Table 3.
Repository | Datasets included | Sample size | Description |
---|---|---|---|
GDC | 20 data-generation programmes, including TCGA, TARGET, GENIE and CPTAC | 85,552 cases from 67 primary cancer sites | Provides the cancer research community with a unified repository that enables data sharing across genomic studies |
IDC | 115 data collections, including cohorts from TCGA, CPTAC and other projects | 61,134 cases from 21 primary cancer sites | Connects researchers with publicly available cancer imaging data and provides a cloud computing environment integrated with other cancer research data commons180 |
TCIA | 169 data collections, including cohorts from TCGA, CPTAC and other projects | 65,508 cases from 69 disease types, including cancer and non-cancer types (for example, COVID-19) | De-identifies and hosts cancer medical images for public download, but not cloud computing use like IDC. Parts of its data are included in IDC. Also includes some private data collections |
GEO | 177,063 data series; 53,740 contain ‘cancer’ as a keyword | 5,102,810 samples; 1,118,082 samples contain ‘cancer’ as a keyword in metadata | Host data submissions from various studies.
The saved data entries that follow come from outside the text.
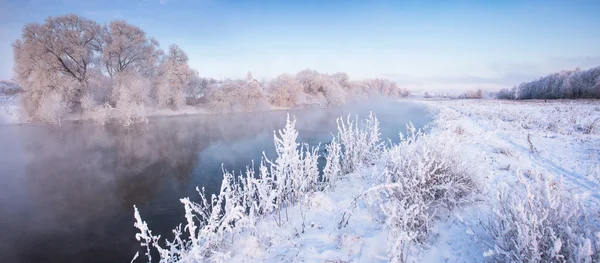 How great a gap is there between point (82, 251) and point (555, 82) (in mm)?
70647

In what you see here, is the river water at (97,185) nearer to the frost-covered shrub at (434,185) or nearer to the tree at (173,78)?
the frost-covered shrub at (434,185)

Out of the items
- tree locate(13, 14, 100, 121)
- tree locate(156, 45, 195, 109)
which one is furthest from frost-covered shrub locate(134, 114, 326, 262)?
tree locate(156, 45, 195, 109)

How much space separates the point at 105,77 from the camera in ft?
81.1

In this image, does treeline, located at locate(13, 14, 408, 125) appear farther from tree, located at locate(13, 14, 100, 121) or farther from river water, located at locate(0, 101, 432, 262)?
river water, located at locate(0, 101, 432, 262)

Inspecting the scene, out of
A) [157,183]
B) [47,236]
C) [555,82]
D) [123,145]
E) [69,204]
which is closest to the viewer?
[47,236]

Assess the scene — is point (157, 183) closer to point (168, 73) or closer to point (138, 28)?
point (168, 73)

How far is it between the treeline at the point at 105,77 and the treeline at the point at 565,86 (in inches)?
1985

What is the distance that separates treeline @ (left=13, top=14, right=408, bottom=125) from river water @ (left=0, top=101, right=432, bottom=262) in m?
5.72

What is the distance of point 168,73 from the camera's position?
90.5 ft

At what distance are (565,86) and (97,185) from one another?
65067mm

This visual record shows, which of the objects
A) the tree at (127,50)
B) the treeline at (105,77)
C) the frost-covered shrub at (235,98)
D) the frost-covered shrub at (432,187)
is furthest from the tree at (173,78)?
the frost-covered shrub at (432,187)

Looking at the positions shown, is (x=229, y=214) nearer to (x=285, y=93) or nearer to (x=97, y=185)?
(x=97, y=185)

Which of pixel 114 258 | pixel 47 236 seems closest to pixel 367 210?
pixel 114 258

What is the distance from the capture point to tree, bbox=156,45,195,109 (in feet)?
86.1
It contains many individual biology studies that may support knowledge rediscovery |
Array Express | 16,345 experiments; 3,293 contain ‘cancer’ as a keyword | 894,309 samples; 236,935 of them contain ‘cancer’ as a keyword in their metadata | A popular genomics data repository |
FDC | 81,883 human datasets deposited in GEO and ArrayExpress | 3,707,349 samples in total, not restricted to cancer | Helps researchers annotate metadata in GEO and ArrayExpress to enable automatic algorithmic analysis and knowledge rediscovery34 |
CPTAC, Clinical Proteomic Tumour Analysis Consortium; FDC, Framework for Data Curation; GDC, Genomic Data Commons; GEO, Gene Expression Omnibus; IDC, Imaging Data Commons; TARGET, Therapeutically Applicable Research to Generate Effective Treatments; TCGA, The Cancer Genome Atlas; TCIA, The Cancer Imaging Archive.